Spiking tool improves artificial intelligence devices

Posted Mar 1, 2019 by Tim Sandle
A new type of spiking tool has been shown to improve artificially intelligent devices. The new method could benefit smartphones, self-driving cars, and other systems reliant upon automated image interpretation.
File photo: The T-HR3 is the latest in dozens of humanoid models that have been developed recently t...
File photo: The T-HR3 is the latest in dozens of humanoid models that have been developed recently thanks to rapid technological advances, especially in artificial intelligence
The software that enables these features is called Whetstone and it has been configured to allow neural computer networks to process information some 100 times more efficiently compared with current imaging standards. This enables increased use of artificial intelligence in mobile devices plus autonomous vehicles. The development comes from Sandia National Laboratories, based in the U.S.

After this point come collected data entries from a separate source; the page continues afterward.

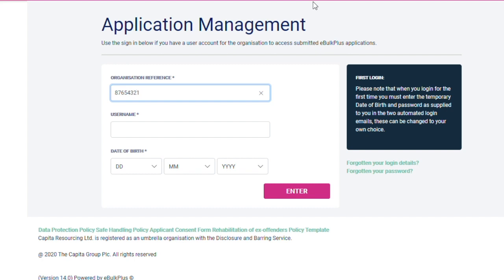Next, enter your username. This is the email address you have registered with us.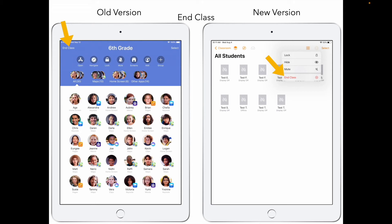For ending class, in the old version it was in the top left-hand corner. On the new version, hit the three dots, then hit 'in class.' Once you hit in class, it gives you a summary of the apps that all the students were in, some timeframes, percentages — just a summary of how the iPads were used during that class period.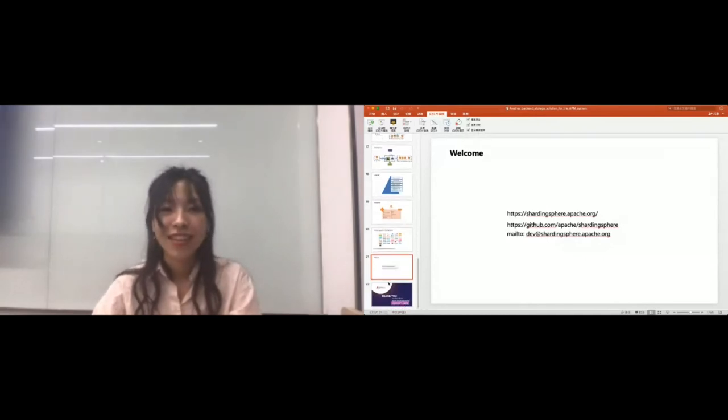You can contact us by the following ways if you want to learn more information about it. Thanks for everyone listening. Does anyone have any questions? Thank you.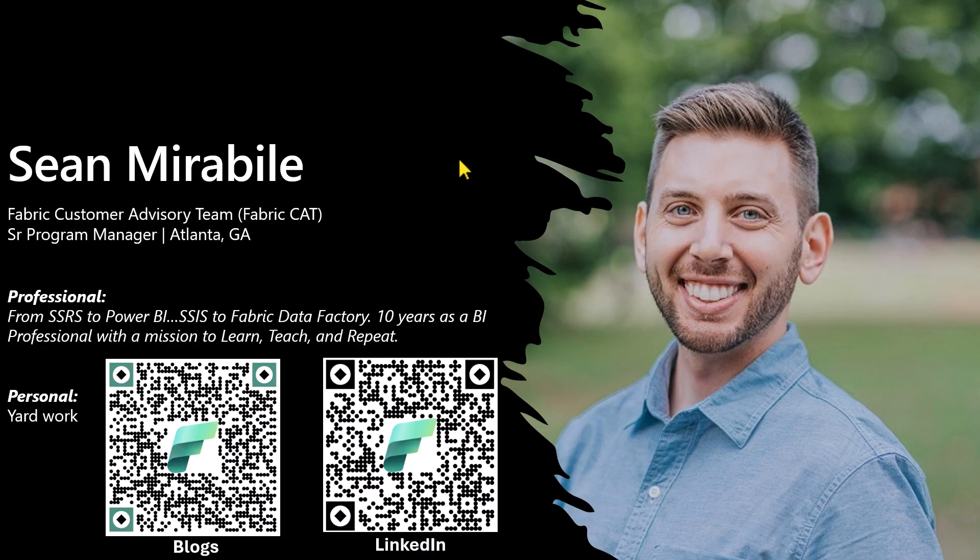Again, my name is Sean Mirabile and it was a pleasure sharing these options for parsing the lookup activities output. If you've enjoyed this content, please consider liking this video and subscribing to the Data Factory channel. If you would like to see other content I've created, please consider scanning the QR code for my blogs or connecting with me on LinkedIn. Thank you very much.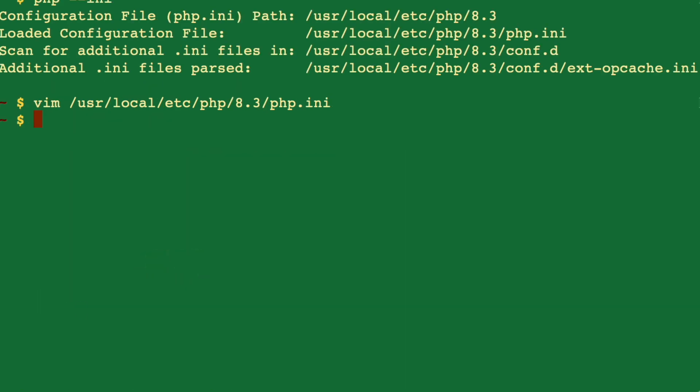With this we made changes to our php.ini file, but it's not going to take effect immediately. To make sure it takes effect, you need to install this package: brew tap homebrew services. Let's hit enter.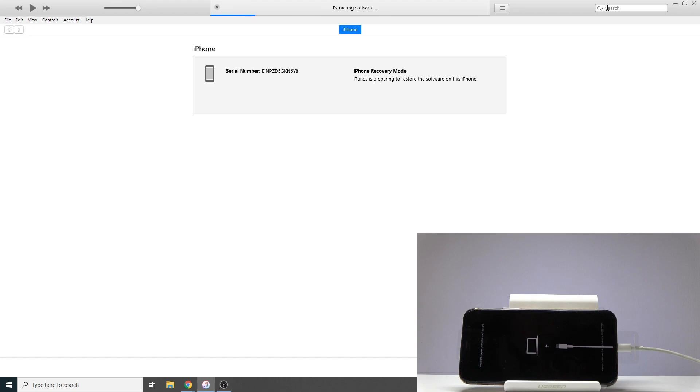Now this process will take several minutes, so just be patient. Once it's finished we should be greeted with the setup screen on the device. I'll be back once that is actually visible.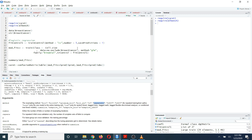Here I am going to do a 5-fold cross validation, so I am going to choose my method as 'cv' and number equals to 5. It is also better to set savePredictions equals to TRUE, because later if you want to do some predictions based on your final model, it will be very helpful.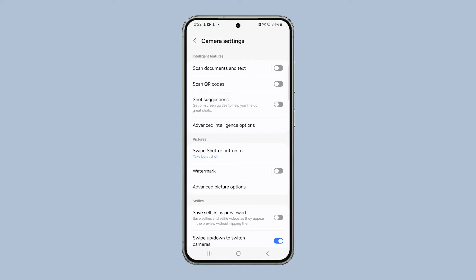On the next screen you should see the scan QR codes option. Tap the switch next to it to enable it. While on that screen, we suggest you also enable the scan documents and text option as you might need it in the future as well.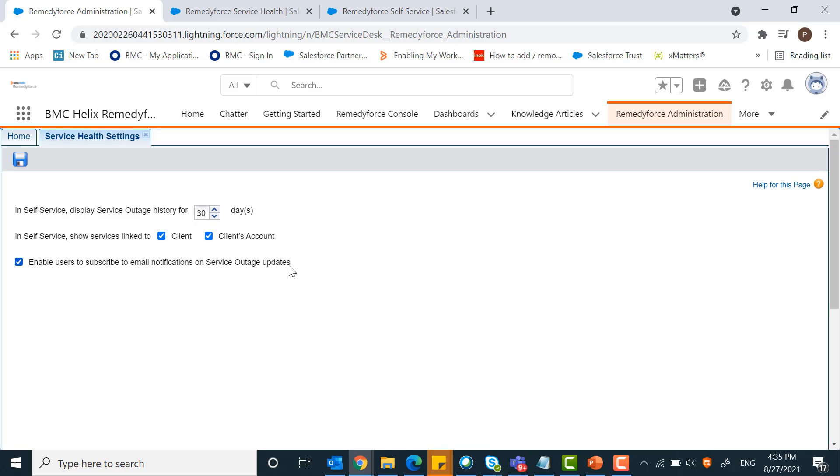In the email notification, the from address is always no-reply at Salesforce.com on behalf of the user who subscribes for notifications.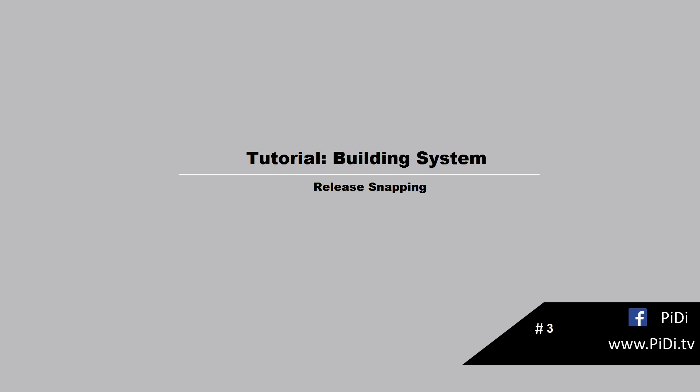Hello and welcome back to another video about the building system tutorial. Today we're going to take a look at the release snapping of the foundation. Let's start with it.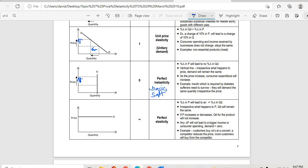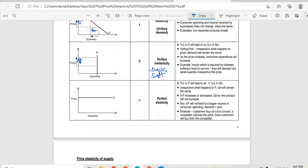The last type is perfectly elastic demand, where the demand curve is parallel to the x-axis. Here, a small percentage change in price will lead to an infinitely large change in quantity demanded. If you change the price by just a small margin, the quantity demanded is going to be very large.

The intelligent system reduces the amount of circuitry needed to perform autonomous tasks. According to lead researcher, neuroscientist Brad Aimone: "Instead of sending out endless energy dribbles of information...artificial neurons trained by Whetstone release energy in spikes, much like human neurons do."
The circuits are formed of artificial neurons, and these are essentially capacitors capable of absorbing and summing electrical charges. These charges are then releases as tiny bursts of electricity. These work with computer chips called "neuromorphic systems," which act to group neural networks into larger clusters that mimic the human brain.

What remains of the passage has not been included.